3. Bölüm: -Koğuş-

902 169 134
                                    

Bölümü, kapağımı hazırlayan arkadaşa ithaf ediyorum. Bu güzel kapak için teşekkür ederim.

Sadece kazınmış iki büyük harf vardı. ''E.D.''. Ne anlama geliyor olabilirdi bu? Aklıma gelen ilk ihtimal bu harflerin isim ve soy isimin ilk harfleri olabileceğiydi. Peki bunu kim kazımıştı? Kum saatinin sahibi mi, yoksa daha sonra hücrede bulan başka birisi mi, Türk isyancılardan mıydı, yoksa yabancılardan mı? Belkide isyancılardan birine ait değildi. Hücrede geçireceğim zamanda zihnimi meşgul edecek bir düşünceye sahiptim artık. Yere sırt üstü uzanıp düşünmeye devam ettim. Acaba bu kişi hala burada mıydı, yoksa yakın zamanda atmosfer yapılandırması çalışmasında ölen kişilerden miydi? Beynimin içinde dönüp dolaşan olasılıklar beni biraz olsun yormuş ve uykumu getirebilmişti. Düşüncelerimle birlikte rahatsız bir tavşan uykusuna daldım. 

Kapının açılma sesi tedirgin uykumu böldü. Koridorun canlı ışığı gözlerimi iğnelerken gelen kişiye baktım. Yine daha önce görmediğim birisiydi. Yüzüme bakmadan içeriye doğru dikdörtgen bir tabaka uzattı. tabakanın üzerinde ağzı kapalı iki çukur bulunuyordu. Tabakayı yere koyup bana doğru iteledi. Tabaka bana doğru kayarken kapıyı peşi sıra kapattı. Tabakayı kucağıma doğru çektim ve kapakları açtım. Yeniden körelmiş gözlerim yemeğin ne olduğunu seçmemi zorlaştırdığından koklayarak algılamaya çalıştım.

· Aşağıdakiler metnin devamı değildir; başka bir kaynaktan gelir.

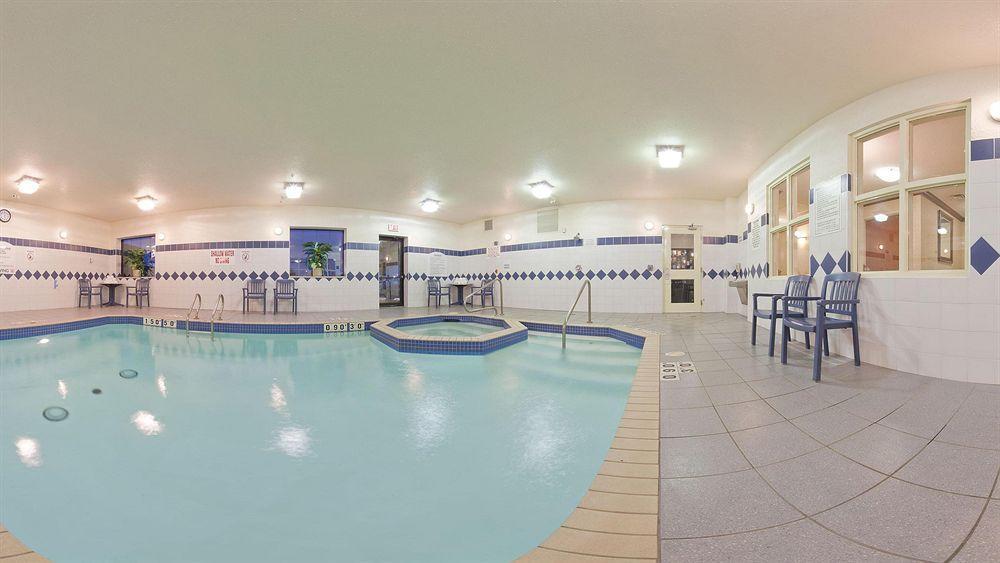 Holiday Inn Express Hotel & Suites Barrie By Ihg Dış mekan fotoğraf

Pirinç pilavı ve ne olduğunu tam olarak algılayamadığım bir sulu yemek. Yemekler genellikle hem uzay mekiğinde taşımak açısından, hemde muhafaza etmesi kolay olduğundan kuru bakliyatlardan seçiliyordu. Pilav ve sulu yemek yan yana bulunuyordu. Diğer bölmede ise su vardı. Suyun olduğu çukur alan tabakadan çıkarılabiliyordu. Suyu açıp bir kaç yudum içtim. Kana kana içmek istesem bile bunu yapamazdım çünkü bugün için tüm yiyecek ve içeceğim bundan ibaretti. Yemekten bir kaç lokma ağzıma aldığımda söylentilerin doğru olduğu kanaatine varmıştım. Hali hazırda kötü olan tat, bayatlık ile birleşince iyice kötüleşmişti. Yemeğin kötü oluşuna rağmen açlık ağır basıyor ve yemeğin dibini getirmeme yardımcı oluyordu. Tabakayı tekrar kapının önüne bıraktım ve su kabından bir kaç yudum daha alıp ağzımdaki yemek tadından kurtuldum. Zamanı geçirmek için bir süre daha kum saatiyle oyalandım ve volta attım. Uyumak zamanı geçirmek için birebirdi fakat rahatsız zemin ve boş mide uykunun düşmanıydı. 

Tutsak koğuşunda kendi adıma düşen sudan ayırıp biriktirerek, biraz olsun kendimi kirden temizliyordum. Burada su, sadece içmeme yetecek kadar olduğundan kirler vücudumu esir almıştı. Kirden ve nemden kaşınan vücudum, sanki geçen zamanı iyice yavaşlatıyordu.

Zaman kavramım sadece yemek getiren kişinin kaç kere gelip gittiğini saymaktan ibaretti çünkü günde bir kere geldiğini duymuştum. Yeniden kapı açılıp kapandı ve bu onun 18. gelişi olmuştu. Yoksa 19 muydu? Yorulan zihnim hatırlamakta güçlük çekiyordu.

Aradan sayamadığım biraz daha zaman geçince kapı yeniden aralandı. Yemek erken mi gelmişti? Yoksa zaman hızlı mı akmıştı? İki düşüncemde gelen yüzü görünce çürümüştü. Gelen yemek görevlisi değildi. Görevli Emily'di.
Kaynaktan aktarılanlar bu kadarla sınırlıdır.